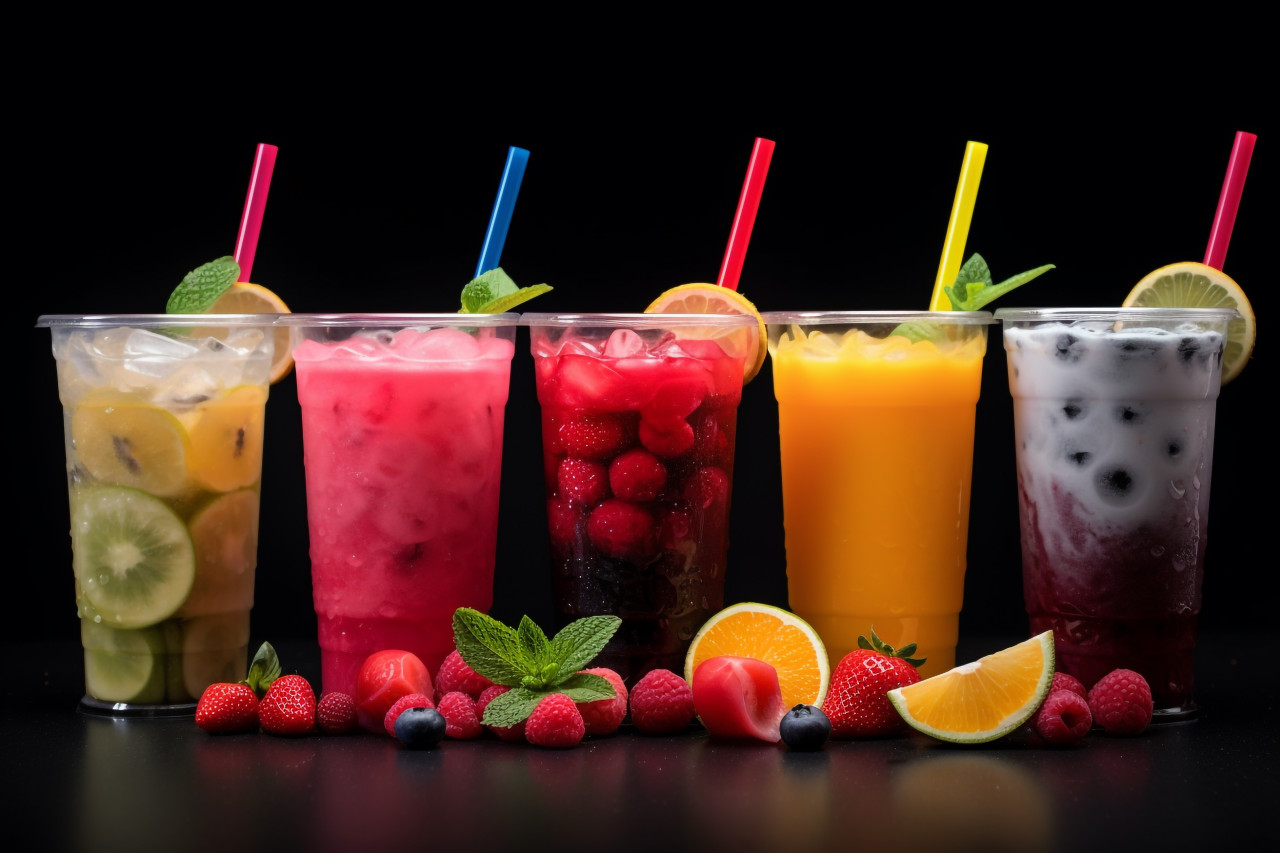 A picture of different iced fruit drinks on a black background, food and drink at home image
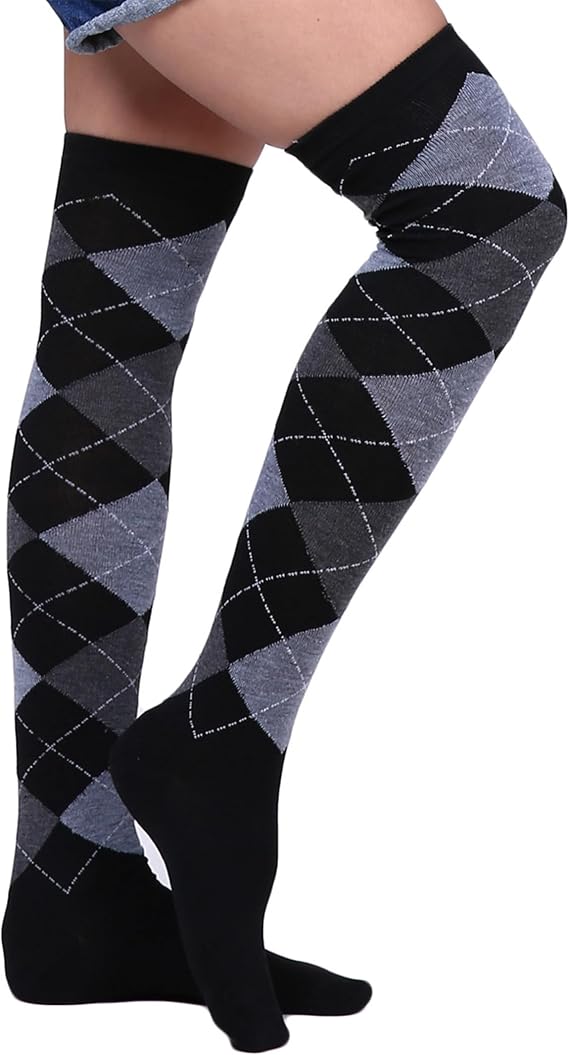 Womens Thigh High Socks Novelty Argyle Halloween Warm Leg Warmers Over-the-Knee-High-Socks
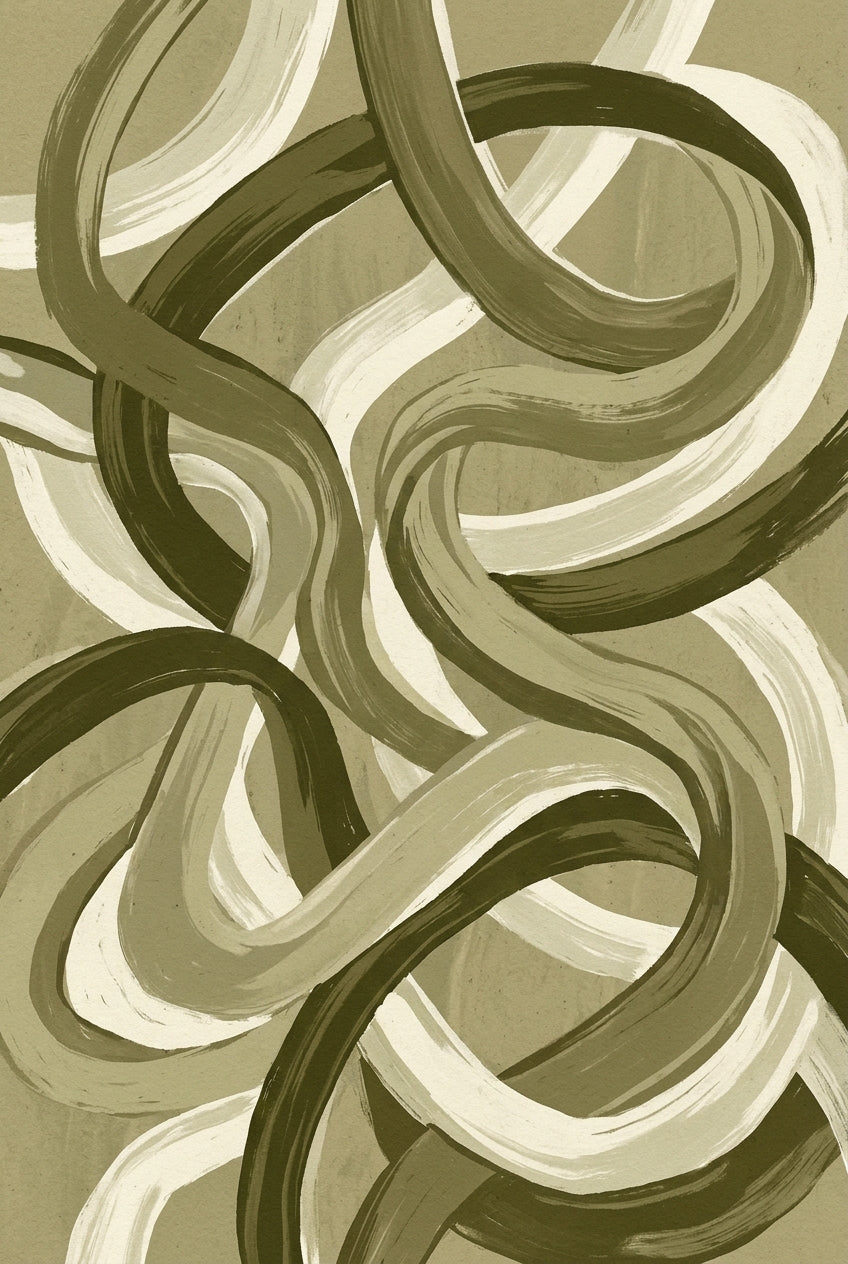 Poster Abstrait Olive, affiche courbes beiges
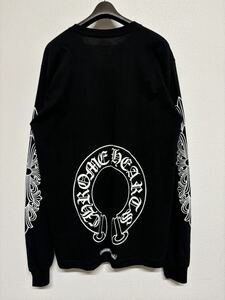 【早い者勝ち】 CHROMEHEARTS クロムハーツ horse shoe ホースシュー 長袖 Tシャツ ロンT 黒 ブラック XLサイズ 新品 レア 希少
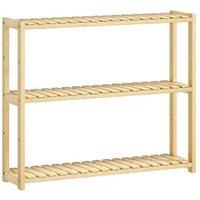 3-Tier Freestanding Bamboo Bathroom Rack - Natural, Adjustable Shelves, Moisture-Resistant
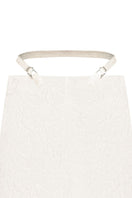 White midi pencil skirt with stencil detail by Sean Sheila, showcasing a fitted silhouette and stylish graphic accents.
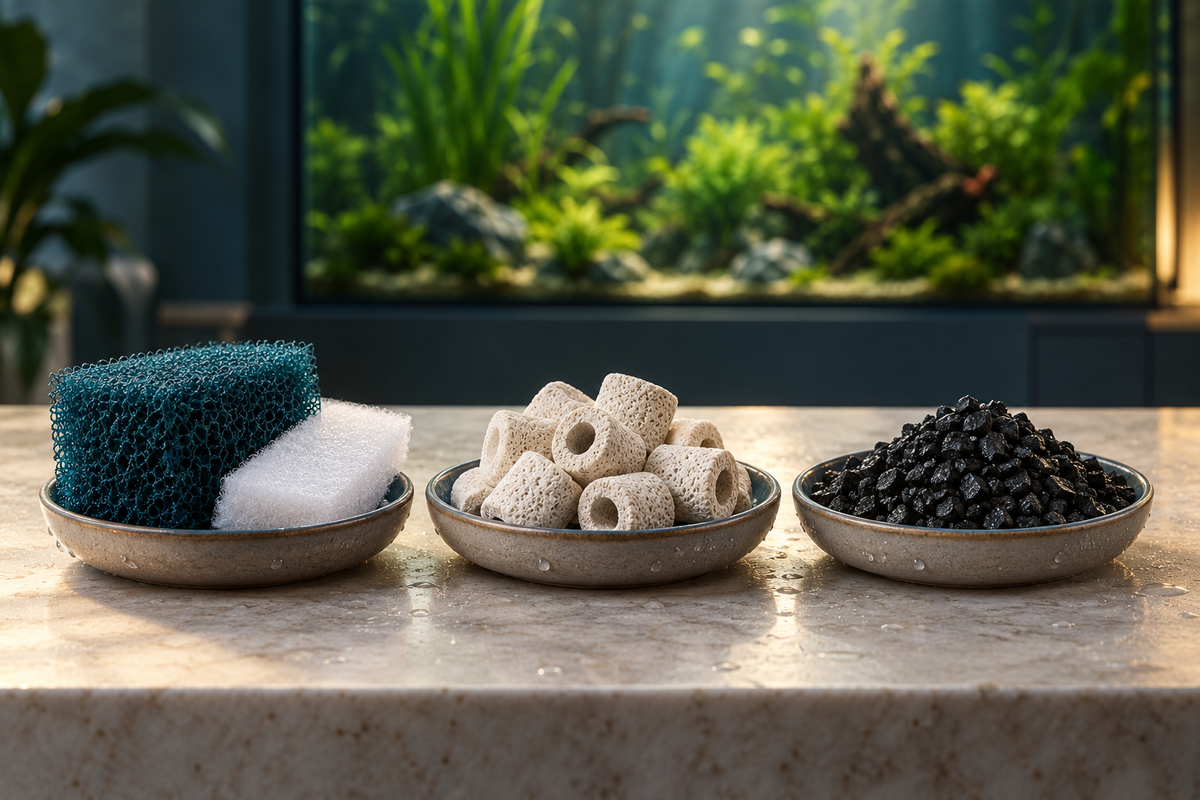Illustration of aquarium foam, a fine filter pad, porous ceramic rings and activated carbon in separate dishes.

▬▬▬▬▬▬

Please return every record above exactly, but leave out the pictures.

**RESULT:**
 A picture of different iced fruit drinks on a black background, food and drink at home image
 Womens Thigh High Socks Novelty Argyle Halloween Warm Leg Warmers Over-the-Knee-High-Socks
 Poster Abstrait Olive, affiche courbes beiges
 【早い者勝ち】 CHROMEHEARTS クロムハーツ horse shoe ホースシュー 長袖 Tシャツ ロンT 黒 ブラック XLサイズ 新品 レア 希少
 3-Tier Freestanding Bamboo Bathroom Rack - Natural, Adjustable Shelves, Moisture-Resistant
 White midi pencil skirt with stencil detail by Sean Sheila, showcasing a fitted silhouette and stylish graphic accents.
Illustration of aquarium foam, a fine filter pad, porous ceramic rings and activated carbon in separate dishes.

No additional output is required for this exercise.